Climate change is not only having a devastating impact on the environments we live in, but also on respect for human rights globally, the UN warned Monday, urging collective action.
UN rights chief Michelle Bachelet cited the civil wars sparked by a warming planet and the plight of indigenous people in an Amazon ravaged by wildfires and rampant deforestation.
She also denounced attacks on environmental activists, particularly in Latin America, and the abuse aimed at high-profile figures such as teenage campaigner Greta Thunberg.
“The world has never seen a threat to human rights of this scope,” she told the UN Human Rights Council in Geneva.
“The economies of all nations, the institutional, political, social and cultural fabric of every state, and the rights of all your people, and future generations, will be impacted” by climate change, she warned.

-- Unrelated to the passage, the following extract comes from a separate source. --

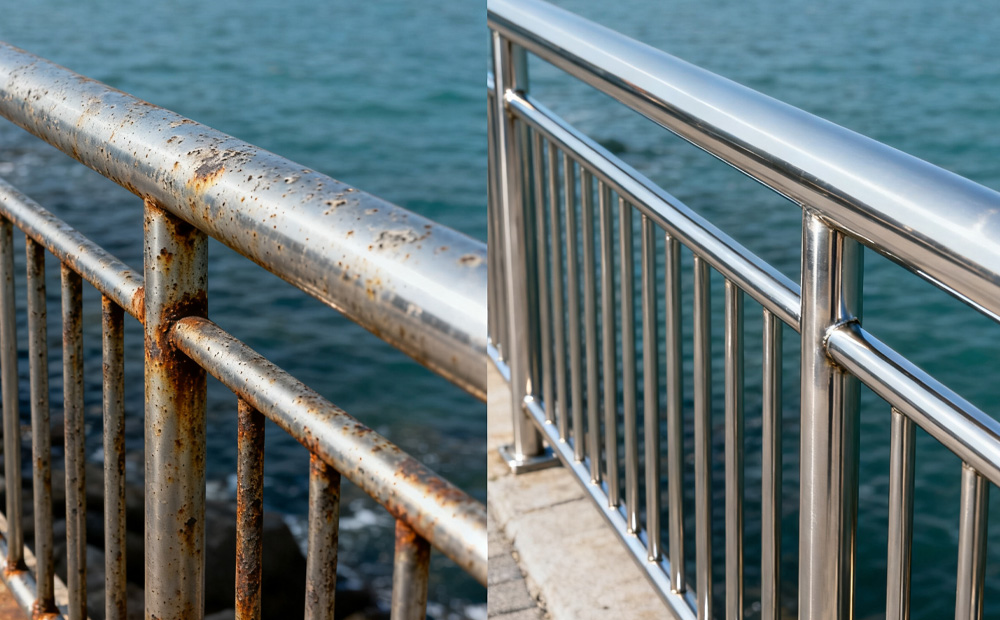 不銹鋼管戶外應(yīng)用對(duì)比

The 42nd session of the council opened with a minute of silence for the victims of Hurricane Doriane in the Bahamas, where at least 44 have been killed and thousands of homes reduced to rubble.
“The storm accelerated with unprecedented speed over an ocean warmed by climate shifts, becoming one of the strongest Atlantic hurricanes ever to hit land,” Bachelet said.

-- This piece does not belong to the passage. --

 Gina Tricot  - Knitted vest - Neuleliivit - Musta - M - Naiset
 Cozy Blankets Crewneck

Low-lying small island states like the Bahamas, which are heavily impacted by climate change, are quickly seeing rights to water, sanitation, health, food, work and adequate housing, she warned. She called for international action to mitigate the impact there.
The UN High Commissioner for Human Rights also denounced the “drastic acceleration of deforestation of the Amazon.
“The fires currently raging across the rainforest may have catastrophic impact on humanity as a whole, but their worst effects are suffered by the women, men and children who live in these areas,” she said.